An Explicit Solution to $a^2+b^2=p$

Question

$\def \op {\operatorname*} \def \C#1#2 {\begin{pmatrix} #1\\#2 \end{pmatrix}}$ I got the following theory from the internet and I seek a proof:

Let $p=4k+1 (k \in \Bbb{Z}^+)$ be a given prime. Assume that $$2^{-1} \C{2k}{k} \equiv a \pmod{p},\quad -2k \le a \le 2k$$ then $\sqrt{p-a^2}$ is an integer. ($2^{-1}$ is seen as $\frac{p+1}{2}$, the inverse of $2$ in $\Bbb{Z}_p$)

I verified the statement for all $p<50000$ by programming. The question is that although $a,b$ seem to have equal status, this calculation can only find out one of the two numbers. Also, the calculation does not ensure that $a^2 \lt p$ but all the results meet this condition, so I suspect the combinatorial number to be an approximation of some transcendental function. I also hope to get some further studying if anyone learns about what is behind the method.

Bonus: A similar result is given when $p=6k+1 (k \in \Bbb{Z}^+)$ is a prime. Let $$2^{-1} \C{3k}{k} \equiv a \pmod{p},\quad -3k \le a \le 3k$$ then $\sqrt{\frac{p-a^2}{3}}$ is an integer. I think they should derive from the same part somewhere in number theory.

Answer 1

As noted in comments, this can be shown using Jacobi sums. Let $\newcommand{\ffield}{\mathbb{F}_p}\ffield:=\mathbb{Z}/p\mathbb{Z}$; we compute \begin{align*} A_p&:=\#\{(x,y)\in\ffield^2:x^4+y^2=1\}&(p&=4k+1) \\ B_p&:=\#\{(x,y)\in\ffield^2:x^3+y^2=1\}&(p&=6k+1) \end{align*} in two different ways. First, for $a\in\ffield$ we have $\#\{y\in\ffield:y^2=a\}=1+\chi_2(a)$, where $$\chi_2(a):=\Big(\frac{a}{p}\Big)\equiv a^{(p-1)/2}\pmod{p}$$ is the Legendre symbol. So, $A_p=\sum_{x\in\ffield}\big(1+\chi_2(1-x^4)\big)=p+\sum_{x\in\ffield}\chi_2(1-x^4)$, but $$\sum_{x\in\ffield}(1-x^4)^{2k}=\sum_{j=0}^{2k}\binom{2k}{j}(-1)^j\sum_{x\in\ffield}x^{4j}=(-1)^{k+1}\binom{2k}{k}-1$$ because $\sum_{x\in\ffield}x^n=0$ if $n$ is not a nonzero multiple of $p-1[=4k]$ (otherwise, the sum is $-1$; we assume $0^0=1$ everywhere), so that only the terms with $j=k$ and $j=2k$ of the outer sum "survive". Thus, $A_p\equiv(-1)^{k+1}\binom{2k}{k}-1\pmod{p}$. Similarly, for $B_p$ we get a sum with the only nonzero term at $j=2k$, ending up in $B_p\equiv-\binom{3k}{2k}=-\binom{3k}{k}\pmod{p}$.

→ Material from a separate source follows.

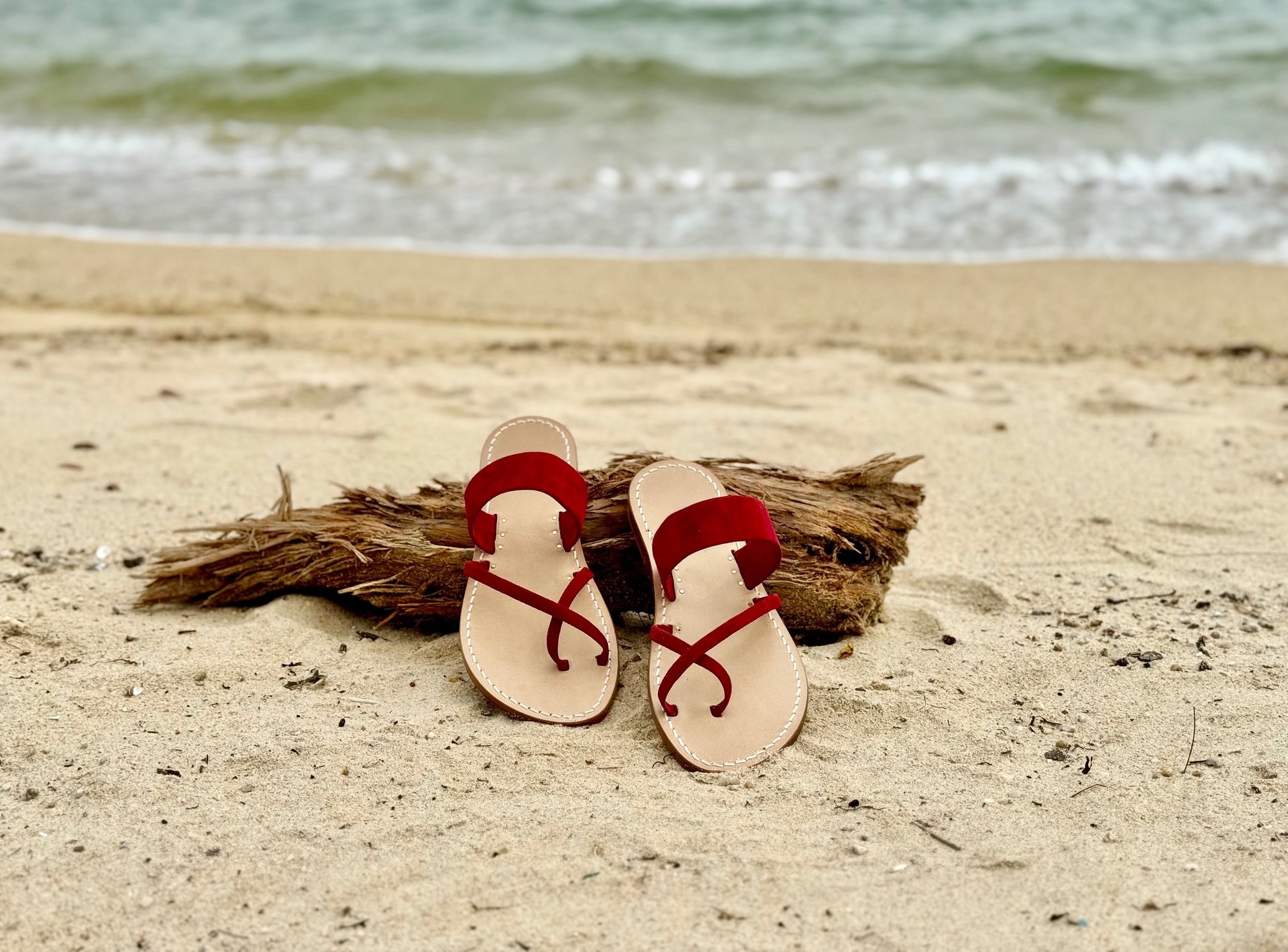 A pair of pink sandals sitting on top of a sandy beach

Second, the Jacobi sums way. Here we recall that, for $a\in\ffield$ and $d\mid p-1$, we have $$\#\{x\in\ffield:x^d=a\}=\sum_{\chi^d=1}\chi(a),$$ with $\chi$ running over characters modulo $p$ whose order divides $d$ (this generalizes the case $d=2$ used above). So, for $p=4k+1$ and $\chi$ a character modulo $p$ of order $4$ (thus $\chi^2=\chi_2$), $$A_p=\sum_{\substack{a,b\in\ffield\\a+b=1}}\#\{x:x^4=a\}\cdot\#\{y:y^2=b\}=\sum_{\substack{0\leqslant r\leqslant 3\\0\leqslant s\leqslant 1}}J(\chi^r,\chi_2^s).$$

Computing nonzero terms using the properties of Jacobi sums, we have $$A_p=p+J(\chi,\chi_2)+J(\chi_2,\chi_2)+J(\chi^3,\chi_2)=p-1+2\Re J(\chi,\chi_2)$$ since $J(\chi_2,\chi_2)=-\chi_2(-1)=-1$ and $\chi^3=\bar\chi\implies J(\chi^3,\chi_2)=\overline{J(\chi,\chi_2)}$.

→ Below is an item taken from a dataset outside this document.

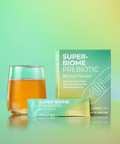 Super-Biome Prebiotic packaging with a glass of juice on a gradient green background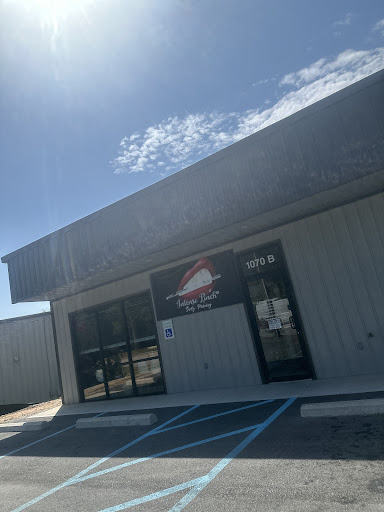 Explore rib tattoo ideas for women, creative tattoo ideas in Greenwood, available at Intense Pinch Body Piercing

But $J(\chi,\chi_2)\in\mathbb{Z}[i]$ (because $\chi$ takes values from there) and $|J(\chi,\chi_2)|=p^{1/2}$ (known one, follows from the analogous property of the Gauss sum). That is, there are integers $a_p,b_p$ such that $J(\chi,\chi_2)=a_p+b_p i$ and $a_p^2+b_p^2=p$; the above gives $A_p=p-1+2a_p$. Combined with the "binomial" expression obtained earlier, and noting that $|a_p|=|a|$ for the "$a$" in the question, we're done.

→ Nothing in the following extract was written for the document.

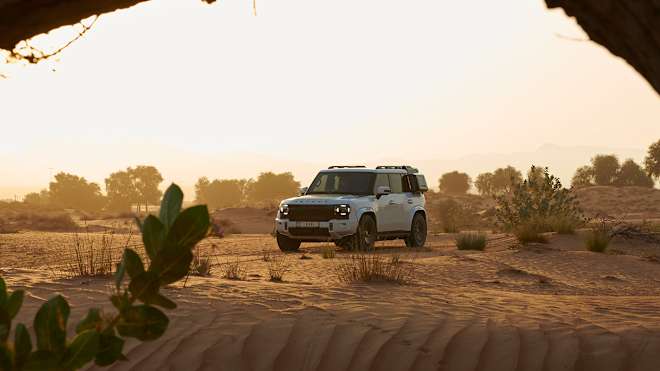 Jetour T2 i-DM 4x4 plug-in hybrid SUV standing in the desert, showcasing its rugged off-road design, modern exterior, and eco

Similarly, for $p=6k+1$ and $\chi$ a character modulo $p$ of order $3$, we get $$B_p=p+J(\chi,\chi_2)+J(\chi^2,\chi_2)=p+2\Re J(\chi,\chi_2),$$ and this time $J(\chi,\chi_2)\in\mathbb{Z}[\omega]$ with $\omega=e^{2\pi i/3}$. So, for some integers $a_p,b_p$, $$J(\chi,\chi_2)=a_p+b_p\omega,\qquad B_p=p+2a_p-b_p,\\4p=4|J(\chi,\chi_2)|^2=4(a_p^2-a_p b_p+b_p^2)=(2a_p-b_p)^2+3b_p^2,$$ and we obtain the Bonus claim (fixme: exclude the possibility of half-an-integer...).